> **Provided data**
+++
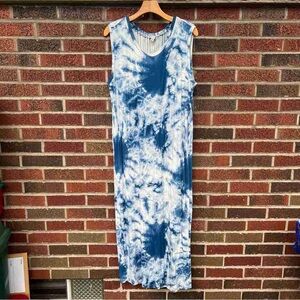Blue Tie-Dye Sleeveless Dress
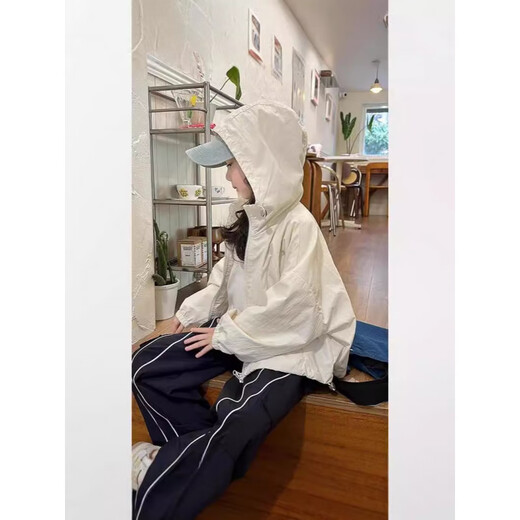 FIDQIOG international brand girls Korean style windbreaker 2025 spring new style children's all-match sun protection jacket trendy light blue 110 cm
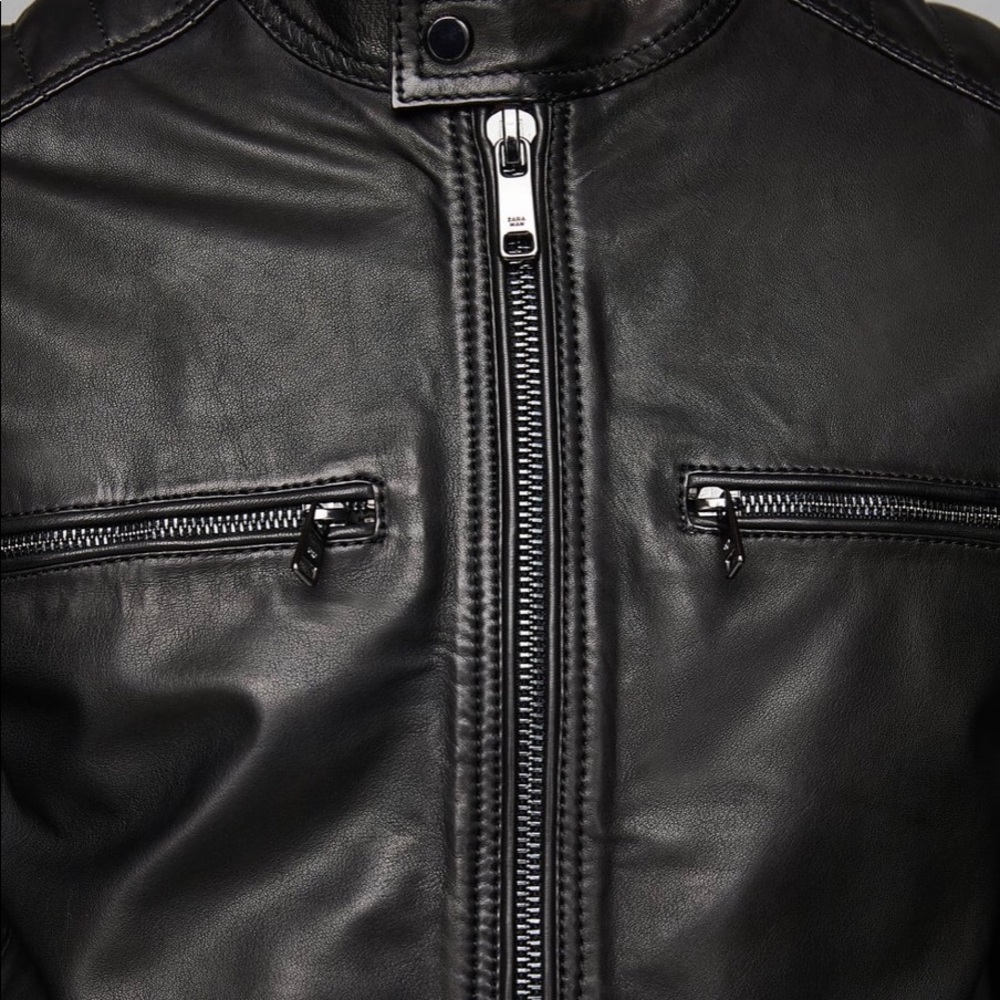 Brand New ZARA men genuine leather jacket - Picture 7 of 7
+++
> **Your task**
Working from the line that contains "FIDQIOG international brand" to the last line of the listing, please quote each line exactly, pictures excluded.

> **Task result**
 FIDQIOG international brand girls Korean style windbreaker 2025 spring new style children's all-match sun protection jacket trendy light blue 110 cm
 Brand New ZARA men genuine leather jacket - Picture 7 of 7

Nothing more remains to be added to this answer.